Data to process:
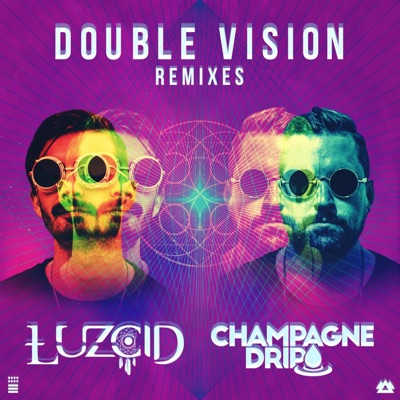 Double Vision Remixes - Single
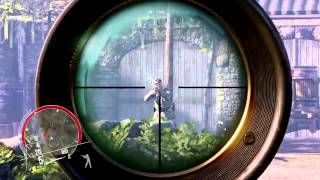 Enemy Front Stealth, Action and Sabotage Gameplay Trailer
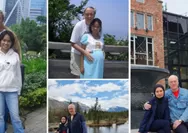 Kisah inspiratif Nikmatul Rosidah, mantan TKW Hong Kong yang dinikahi bule Kanada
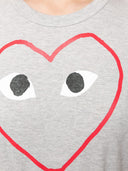 Comme Des Garçons Play Tshirt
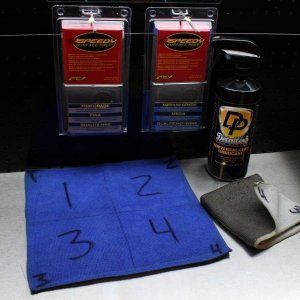 Tips for using Speedy Prep Towel by Mike Phillips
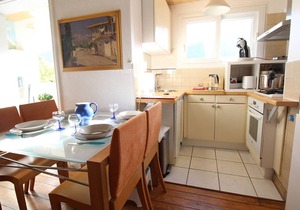 2-bedroom apartment 50m² for 4 pers. with Wifi and pet-friendly in Luchon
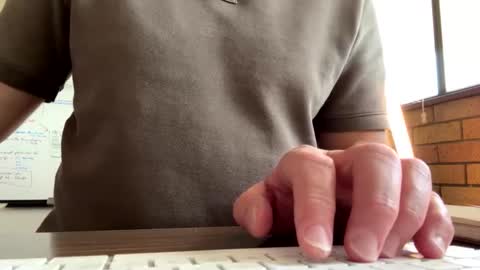 Cjd32 online show from September 12, 6:08 pm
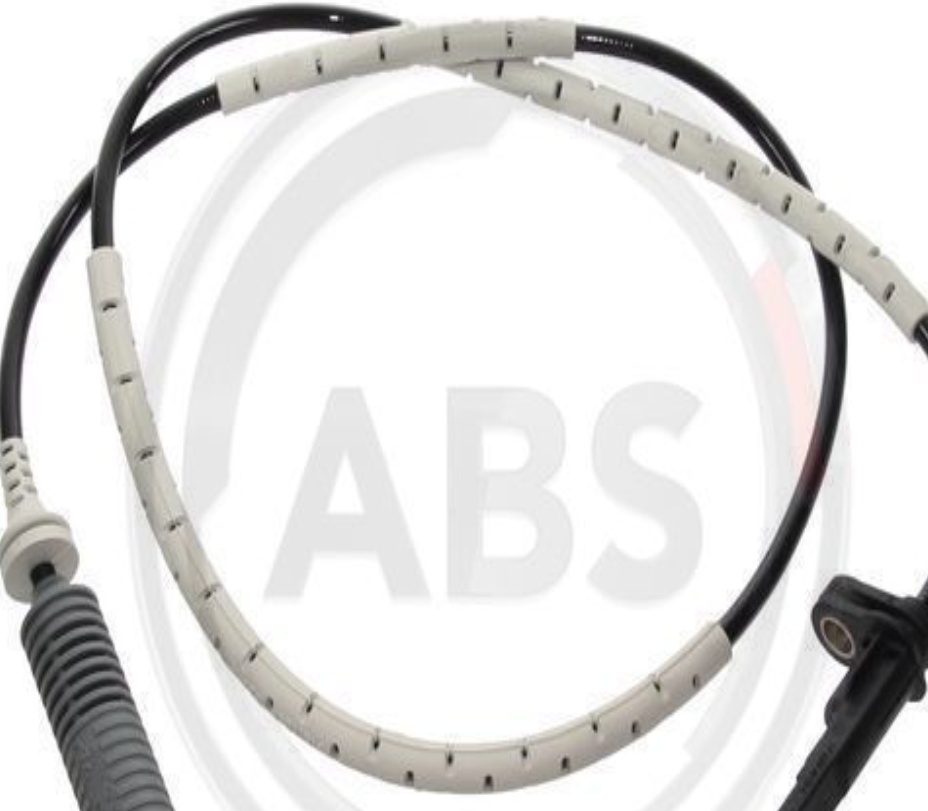 ABS wheel speed sensor Active sensor 30269 A.B.S. for BMW 3 Touring 1 Coupe 3 1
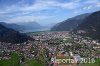 Luftaufnahme Kanton Bern/Interlaken - Foto Interlaken 6874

Work required: Reproduce the records in full, exactly as they appear, and show none of the pictures.

Expected output:
 Double Vision Remixes - Single
 Enemy Front Stealth, Action and Sabotage Gameplay Trailer
 Kisah inspiratif Nikmatul Rosidah, mantan TKW Hong Kong yang dinikahi bule Kanada
 Comme Des Garçons Play Tshirt
 Tips for using Speedy Prep Towel by Mike Phillips
 2-bedroom apartment 50m² for 4 pers. with Wifi and pet-friendly in Luchon
 Cjd32 online show from September 12, 6:08 pm
 ABS wheel speed sensor Active sensor 30269 A.B.S. for BMW 3 Touring 1 Coupe 3 1
 Luftaufnahme Kanton Bern/Interlaken - Foto Interlaken 6874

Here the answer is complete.